El mago parecía tener una figura esbelta, llevando un abrigo de brillante malla y aquel sombrero con filigranas de plata. La luz de la luna resaltaba la cara del viejo guerrero mientras se acercaba, dejando al descubierto la preocupación en sus ojos rasgados.

Kortharion mostró una leve sonrisa mientras se subía sobre su caballo. “ Me gustaría ser capaz de escucharte cuando te aproximas, Kalaer, Aunque solo fuese una vez. ¿No podrías por lo menos aparentar ser tan torpe como el resto de nosotros?”
El guerrero no le devolvió la sonrisa, pero posó su mano en el costado de Melena Plateada y levantó la mirada a su amigo. “¿Qué te trae desde tus aposentos a estas santas horas? Es casi medianoche. ¿Son los sueños otra vez?”

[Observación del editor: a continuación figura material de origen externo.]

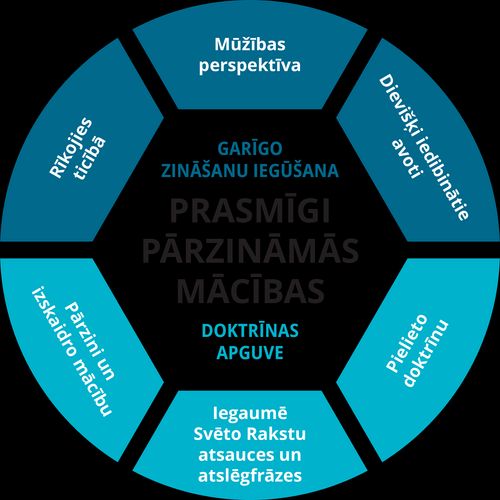 Prasmīgi pārzināmo mācību apgūšanas tabula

Kortharion mantuvo su sonrisa unos segundos, pero falló al intentar ocultar el temblor en los bordes de su boca. “Podría decir lo mismo de ti, Kalaer. ¿Acaso duermes alguna vez?”

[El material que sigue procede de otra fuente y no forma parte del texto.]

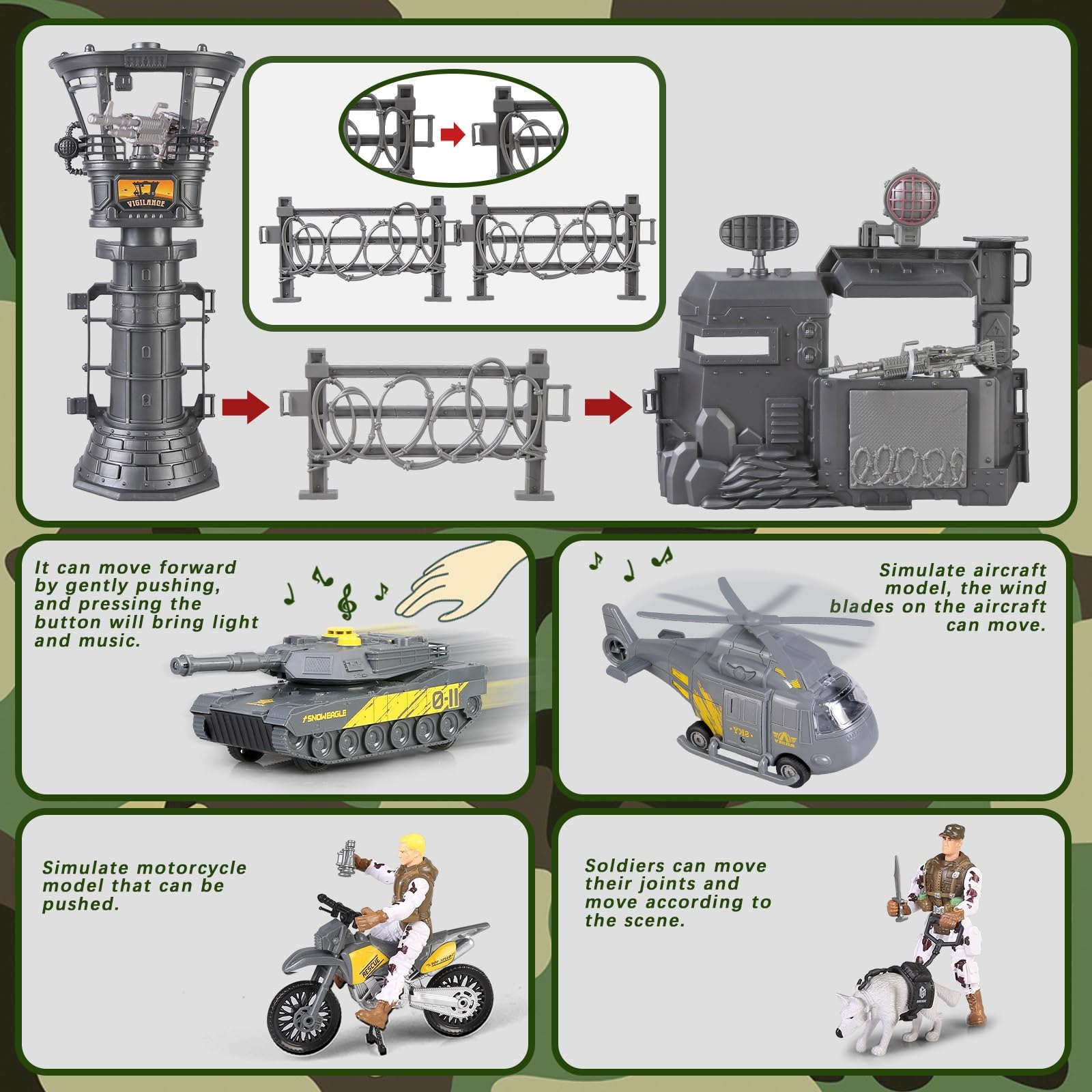 Militare Base Toys Set, Veicoli Militari Elicottero Tank Toys, Esercito Uomini Soldati Action Figure e Arma Gear Accessori Militari Combattimento Moto Giocattoli Regalo per Bambini Ragazzi Età 3+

Kalaer tocó la empuñadura de su espada. “Me sentía descansado, y pensé que podría salir a hacer algo de ejercicio. Todavía no estaba cansado, de modo que decidí dar una vuelta por las murallas para estar seguro de que los guardias aún estaban despiertos.”

Kortharion estudió la hermosa arma a dos manos . La luz roja de los faros quedaba reflejada en la espada, como si fueran regueros de sangre. Se estremeció y miro hacia otro lado. “Sí, los sueños otra vez. Pensé que un paseo a caballo me despejaría.”

Kalaer frunció el ceño y siguió la mirada del mago hacia las distantes luces. “¿Montar ahora? ¿Tú solo? ¿Es eso sabio? La isla ya es lo suficientemente traicionera durante el día. Permíteme acompañarte, si realmente debes ir.”

Kortharion cerró sus ojos y pasó la mano sobre su frente. “ Son los Ulthane; me persiguen. Puedo ver sus rostros cuando intento dormir. Incluso puedo sentir su desaprobación durante el resto de la jornada. Me miran como si pensasen que les he fallado de alguna manera.”

Kalaer sacudió su cabeza. “¿Fallarles? ¿Cómo podrías? Están aquí para servirnos, no al contrario. Recuerda que los Señores del Saber dijeron: Ellos son nuestros únicos aliados en esta infernal isla. ¿Por qué habrías de decepcionarles?” Kalaer llevó su mano a las riendas de su caballo. “No te preocupes demasiado. No te vayas con esos ánimos. Quédate, intenta dormir un poco.”

Kortharion negó con la cabeza y gentilmente retiró la mano de Kalaer de sus riendas. “No iré lejos” dijo, con una sonrisa poco convincente. “Solo siento la necesidad de estar cerca de uno de los guardianes.” Se rió ante su propia ridiculez. “No tengo idea de por qué, pero siento que es importante que vaya allí ahora.”

“Entonces deja que te acompañe” insistió el maestro de la espada, señalando al mozo de los caballos para que ensillase el suyo. “Podría hacer algo de ejercicio.”

“No, Kalaer. Te lo suplico. Ya me siento lo bastante estúpido sin arrastrarte lejos de tu deber.”

“¿Algunos guardias, entonces?”

El mago volvió a mostrar su negativa de forma enojada. “No, eso sería todavía más absurdo. No dejaré al templo sin la mitad de sus defensas solo para ayudarme a dormir.”

Kalaer se encogió de hombros y montó sobre su caballo. “Solo tú y yo” dijo, mientras cabalgaba hacia el estrecho puente de piedra.

El mago se resignó con frustración. Sacudió su cabeza y se sonrió a sí mismo, mientras cabalgaba tras el respaldo rígido del maestro de la espada.